> WORK REQUIRED:
Starting at the line that contains "Pockets Straight Pants" and stopping at the line that contains "Radar-estimated hail-size map", restate each line of the records below exactly. Omit the pictures.

**** PROVIDED ENTRIES

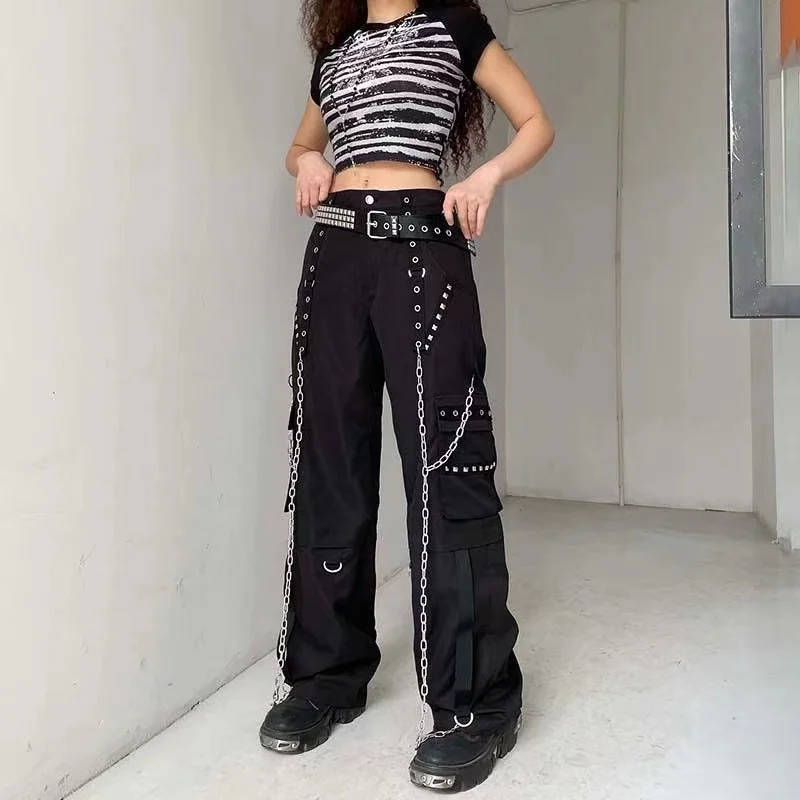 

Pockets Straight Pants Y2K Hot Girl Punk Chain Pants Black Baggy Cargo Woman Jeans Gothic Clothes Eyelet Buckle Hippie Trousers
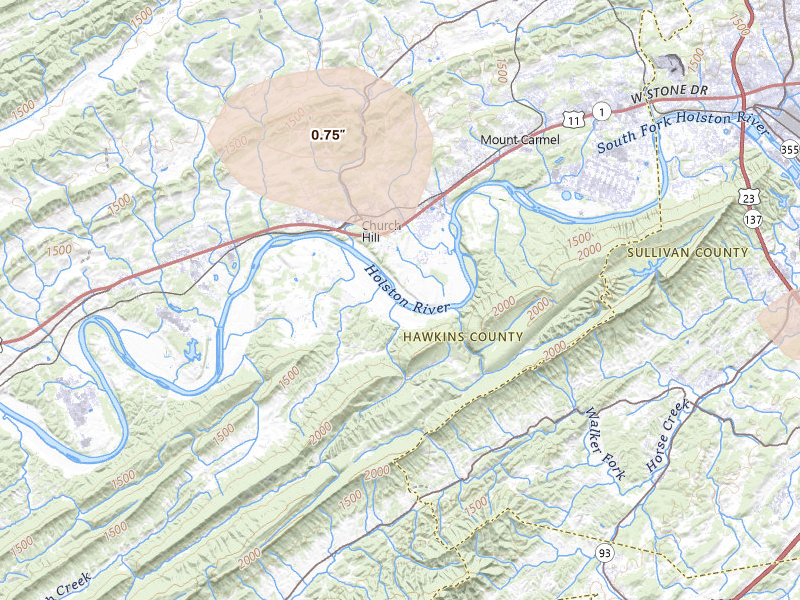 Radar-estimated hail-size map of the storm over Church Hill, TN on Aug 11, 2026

********
**** PROVIDED ENTRIES

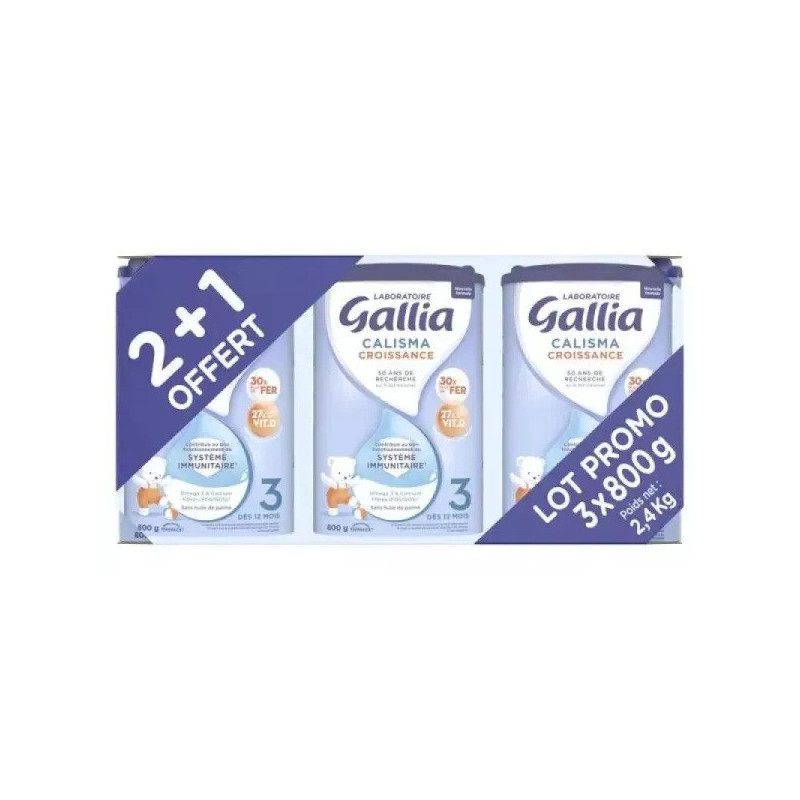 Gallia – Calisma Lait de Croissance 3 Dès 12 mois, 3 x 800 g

********

> ANSWER SPACE:
Pockets Straight Pants Y2K Hot Girl Punk Chain Pants Black Baggy Cargo Woman Jeans Gothic Clothes Eyelet Buckle Hippie Trousers
 Radar-estimated hail-size map of the storm over Church Hill, TN on Aug 11, 2026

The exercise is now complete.